You can drop this file in your next patch, it's not something we'll need in this repo when it lands.

> shipit-notifier.ini.example has been added

Great!

> api.py changes were added. The class I have added is very barebones at the
> moment. I am not quite sure what needs to be done to move the furl/request
> chunk of shipit-notifier.py to the new Status class in api.py

Have a look at how release-runner.py uses the existing classes there. Eg:
https://github.com/mozilla/build-tools/blob/master/buildfarm/release/release-runner.py#L63
https://github.com/mozilla/build-tools/blob/master/buildfarm/release/release-runner.py#L83

I don't think you need a wrapper like it has, but the above should show you how it instantiates and calls the update method. You should be doing similar.
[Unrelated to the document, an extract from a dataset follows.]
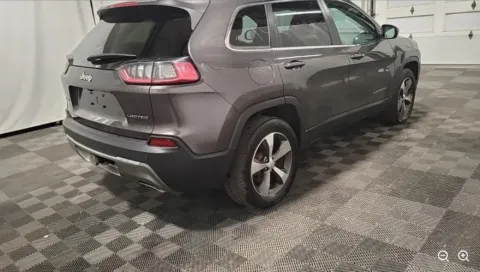 More photos of 2022 Jeep Cherokee Limited at Zeigler GMC of Holland, MI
::: buildfarm/release/release-runner.py
@@ +421,5 @@
>              rr.update_status(release, 'Running sendchange command')
> +            cfgFile = getReleaseConfigName(
> +                release['product'], path.basename(release['branch']),
> +                release['version'], staging)
> +            rr.start_release_automation(release, sendchange_master, cfgFile)

You should be passing along the enUSPlatform here rather than the config file. I know we pass along cfgFile to bump_configs, but that's because it's doing a job that requires knowing the filename. These changes look fine otherwise.

::: buildfarm/release/shipit-notifier.ini.example
@@ +3,5 @@
> +username: admin
> +password: password
> +
> +[shipit-agent]
> +logfile: shipit-notifier.log

It turns out I misled you when I said log details should be in here. Turns out that scripts like this just log to stdout/stderr, and supervisord deals with the output from there. Sorry about that!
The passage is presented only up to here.